South Korea would consider negotiating an end to the decades-old Korean War if North Korea commits to denuclearization, a Seoul official said Wednesday.
South Korea’s national security adviser Chung Eui-yong told reporters the neighboring countries — still technically at war, as the 1950-1953 conflict ended in an armistice agreement — have made progress in solving “the North Korean nuclear issue” and that the efforts may “achieve the goal of a peace settlement on the Korean peninsula.”
Chung’s remarks came as preparations continued for an inter-Korean summit meeting between South Korean President Moon Jae-in and North Korean leader Kim Jong Un scheduled for April 27. The meeting is only the third time that the leaders of the two Koreas will meet. It will be held in the village of Panmunjom, which is located in the demilitarized zone that has divided the peninsula since 1953.
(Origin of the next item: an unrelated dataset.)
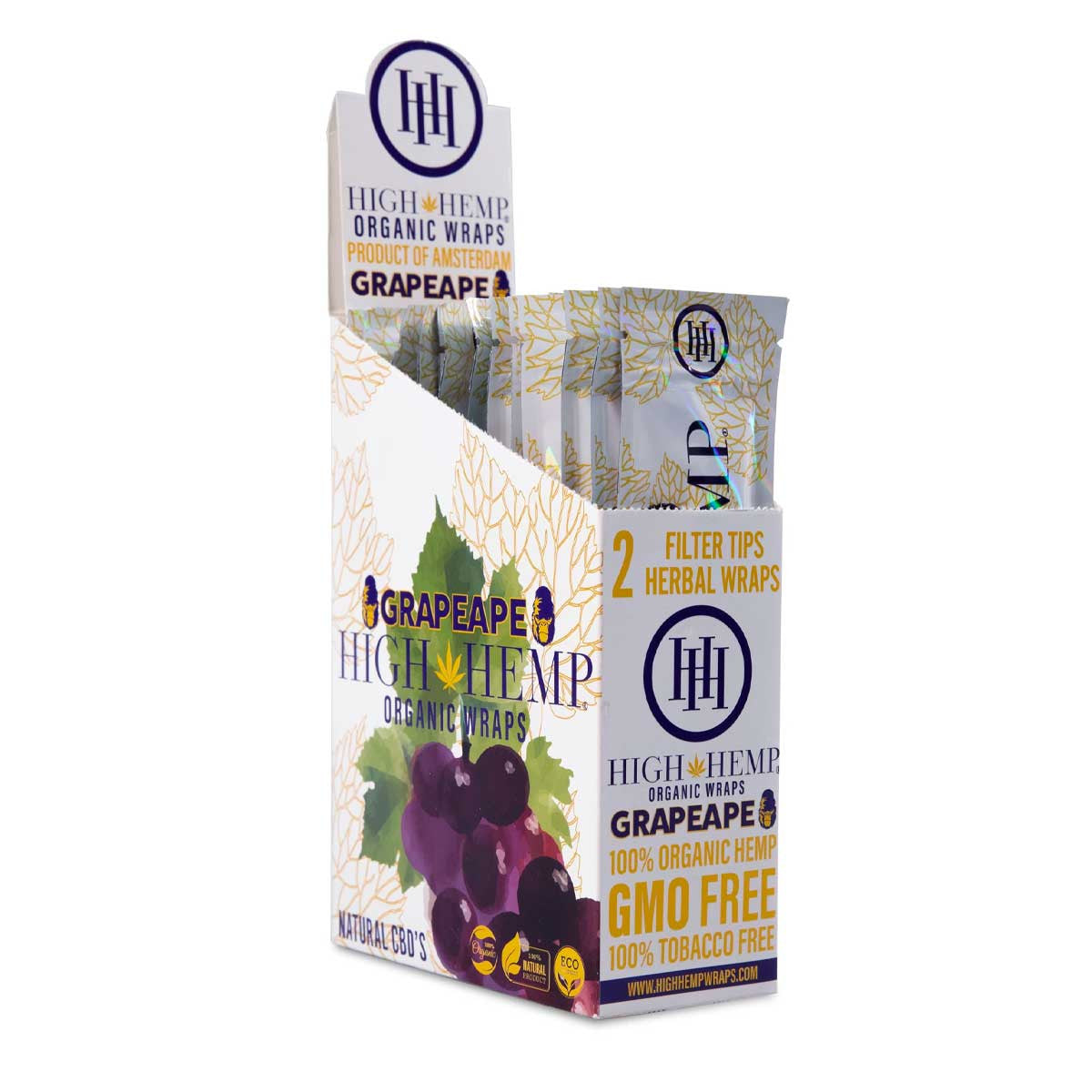 High Hemp Wraps GrapeApe 25pk/2ct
Chung said that Seoul and Washington have held in-depth discussions about how to establish a “peace system” on the Korean peninsula, including the possibility of future three-way talks between the United States and the two Koreas.
“(We discussed) how we can guarantee the bright future of North Korea if North Korea makes the right choice,” Chung said.
Chung did not specify whether this process would include the signing of a formal peace treaty. But South Korea’s Yonhap news agency, citing an unnamed official from the president’s office, reported that South Korea and the U.S. are reviewing that possibility.
One potential complication to a peace treaty is that South Korea was not party to the original armistice agreement, which was signed by the U.S., North Korea and China. That is because at the time, South Korean forces were under wartime operational control of the U.S. — a status that remains in effect today.
In recent months, North Korea has signaled willingness to discuss denuclearization. During a meeting with Chung in Pyongyang on March 5, Kim said that North Korea was ready to give up its nuclear weapons if military threats against the country were resolved and it received a security guarantee.
On Tuesday, President Trump said that the two Koreas “have his blessing” to discuss officially ending the war. He made the remarks during a meeting with Japanese Prime Minister Shinzo Abe at his Mar-a-Lago resort in Florida.
Trump said that his administration has been engaging with North Korea ahead of his own potential meeting with Kim. Trump previously agreed to meet with the North Korean dictator, with a summit currently planned to take place in May or early June.
“We have also started talking to North Korea directly, at extremely high levels,” Trump said. The Washington Post reported on Tuesday that CIA Director Mike Pompeo secretly traveled to North Korea over Easter weekend to meet with Kim.